Studying how people make decisions

Benjamin Handel and Joshua Schwartzstein look at research methods used to study how people use (or don't) available information in their decision making. Frictions or Mental Gaps: What's Behind the Information We (Don't) Use and When Do We Care?

A complete list of new research and publications from Harvard Business School faculty follows.

— Sean Silverthorne
  • 2018
  • New York: Cambridge University Press

American Fair Trade: Proprietary Capitalism, Corporatism, and the 'New Competition', 1890–1940

By: Phillips Sawyer, Laura

Abstract—American Fair Trade explores the contested political and legal meanings of the term fair trade from the late 19th century through the New Deal era. This history of American capitalism argues that business associations partnered with regulators to create codes of fair competition that reshaped both public and private regulatory power. Rather than viewing the history of American capitalism as the unassailable ascent of large-scale corporations and free competition, American Fair Trade argues that trade associations of independent proprietors lobbied and litigated to reshape competition policy to their benefit. At the turn of the 20th century, this widespread fair trade movement borrowed from progressive law and economics, demonstrating a persistent concern with market fairness—not only fair prices for consumers but also fair competition among businesses. Proponents of fair trade collaborated with regulators to create codes of fair competition and influenced the administrative state’s public-private approach to market regulation. New Deal partnerships in planning borrowed from those efforts to manage competitive markets, yet ultimately discredited the fair trade model by mandating economy-wide trade rules that sharply reduced competition. Laura Phillips Sawyer analyses how these efforts to reconcile the American tradition of a well-regulated society with the legacy of Gilded Age laissez-faire capitalism produced the modern American regulatory state.

Publisher's link:

  • forthcoming
  • Review of Finance

Financial Repression in the European Sovereign Debt Crisis

By: Becker, Bo, and Victoria Ivashina

Abstract—By the end of 2013, the share of government debt held by the domestic banking sectors of Eurozone countries was more than twice its 2007 level.

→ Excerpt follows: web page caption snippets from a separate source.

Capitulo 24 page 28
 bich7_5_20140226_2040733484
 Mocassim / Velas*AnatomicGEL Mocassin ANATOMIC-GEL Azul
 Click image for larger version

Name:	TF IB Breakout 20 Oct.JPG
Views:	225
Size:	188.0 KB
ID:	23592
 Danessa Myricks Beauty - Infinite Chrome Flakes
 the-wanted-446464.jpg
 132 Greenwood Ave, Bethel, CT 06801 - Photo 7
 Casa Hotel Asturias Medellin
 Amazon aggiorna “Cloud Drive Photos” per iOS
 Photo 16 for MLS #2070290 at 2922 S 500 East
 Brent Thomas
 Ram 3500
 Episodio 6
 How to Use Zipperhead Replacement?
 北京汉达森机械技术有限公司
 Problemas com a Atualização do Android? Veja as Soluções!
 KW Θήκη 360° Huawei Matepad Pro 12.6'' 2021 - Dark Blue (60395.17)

We show that this type of increasing reliance on the domestic banking sector for absorbing government bonds generates a crowding out of corporate lending. For a given domestic firm, new debt is less likely to be a loan—i.e., the loan supply contracts—when local banks have purchased more domestic sovereign debt and when that debt is risky (as measured by CDS spreads). These effects are most pronounced in the period following the second Greek bailout in early 2010.

Publisher's link:

  • 2018
  • The New Era of the CCO: The Essential Role of Communication in a Volatile World

The Trust Imperative

By: Edelman, Richard, Stephen A. Greyser, E. Bruce Harrison, and Tom Martin

Abstract—Successful relationships depend on trust—trust between spouses, trust between parent and child, trust between enterprises and their stakeholders. This chapter focuses on the factors that build trust in organizations, as well as the forces that can diminish or destroy it and the role of enterprise communication in managing these forces. The chapter includes a discussion of the most relevant findings from the annual Edelman Trust Barometer, a bellwether of measuring trust and relationships between a company and its stakeholders. This is explored in detail through a case where General Motors dealt with a serious recall crisis translated these concepts into the reality of managing a global enterprise in a trustworthy manner. BOOK ABSTRACT: The role of the chief communication officer (CCO) in today's enterprise has dramatically changed over the past 30 years. Once focused on getting news out to media outlets, today's CCO has become an integral part of any enterprise-company, corporation, governmental, and nongovernmental entity. Today's CCO is responsible for internal and external communication; with creating and implementing communication strategies that help mold enterprise mission, vision, value, and character; and with building enterprise reputation through stakeholder engagement. As a part of the "C-Suite," the CCO must understand not only the psychology and sociology of the business, but also the role that she has in informing the C-Suite and the CEO what internal and external stakeholders are thinking and how this may affect corporate image in terms of credibility, confidence, trust, relationship, and reputation. In short, the new CCO must understand both the science and the art of communication and apply that knowledge to advancing her enterprise's goals and objectives through a faster and ever-larger-reaching set of media.

Publisher's link:

  • Winter 2018
  • Journal of Economic Perspectives

Frictions or Mental Gaps: What's Behind the Information We (Don't) Use and When Do We Care?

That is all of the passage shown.